Today the markets have their eyes set on Fed’s Monetary Policy Committee scheduled for later this afternoon.
No change is expected in the monetary policy regarding interest rates and the Q.E. that maintains its unlimited asset purchase rate.
However, the Fed's MPC Meeting is crucial. It could provide a growth forecast for the economy, a potential forecast on changes in interest rates and insights into possible rises in interest rates for long-term bonds.
The economic forecasts are expected to be somewhat more positive than in the previous meeting due to the rapid administration of vaccines and mainly due to the approval of the fiscal stimulus package that led to massive injection to the North American economy.
As for interest rate hikes, we could see some Federal Reserve members advancing the dates of interest rate hikes for 2023. Remember that on previous occasions, they did not think interest rates required hikes at least until 2024.
This could be interpreted in the market as a change towards a more "hawkish" bias, but it will depend on how many Fed members decide to step forward.
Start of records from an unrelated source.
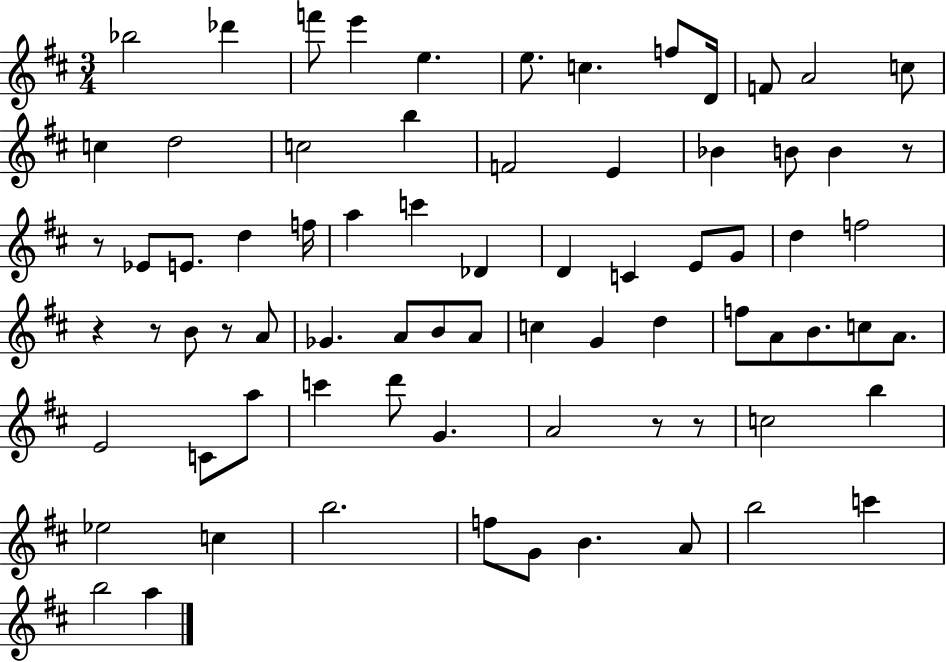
{
  \clef treble
  \numericTimeSignature
  \time 3/4
  \key d \major
  \repeat volta 2 { bes''2 des'''4 | f'''8 e'''4 e''4. | e''8. c''4. f''8 d'16 | f'8 a'2 c''8 | \break c''4 d''2 | c''2 b''4 | f'2 e'4 | bes'4 b'8 b'4 r8 | \break r8 ees'8 e'8. d''4 f''16 | a''4 c'''4 des'4 | d'4 c'4 e'8 g'8 | d''4 f''2 | \break r4 r8 b'8 r8 a'8 | ges'4. a'8 b'8 a'8 | c''4 g'4 d''4 | f''8 a'8 b'8. c''8 a'8. | \break e'2 c'8 a''8 | c'''4 d'''8 g'4. | a'2 r8 r8 | c''2 b''4 | \break ees''2 c''4 | b''2. | f''8 g'8 b'4. a'8 | b''2 c'''4 | \break b''2 a''4 | } \bar "|."
}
Potential hawkish bias may positively impact the U.S. Dollar, a currency that somehow already anticipates a change in bias mainly motivated by increases in long-term interest rates.
In this sense, and if this were to happen, EUR/USD, which traded around 1.1900 in the last two days, could resume its downward path where it would technically find its first support at the 1.1850 area.
But Powell's speech will undoubtedly be the markets’ main attraction. Suppose the Fed chairman shows concern about rising long-term bond interest rates and manifests a clear intention to avoid that from happening by implementing measures to control the yield curve. In that case, there could be a downward movement in yields that would negatively affect the dollar's price, especially against the yen. USD/JPY has reached highs in the 109.36 area and is in an overbought zone on the daily chart, with an RSI at the levels of 80 and threatening a bearish divergence.
On the other hand, if Powell isn’t worried about the current evolution of long-term interest rates and does not show any intention to avoid it, the treasury bonds' yields could continue to rise, potentially hitting the 2% mark in the case of the 10-year bond. This would lead to upward pressure from the U.S. Dollar that would resume its upward movement that began in January.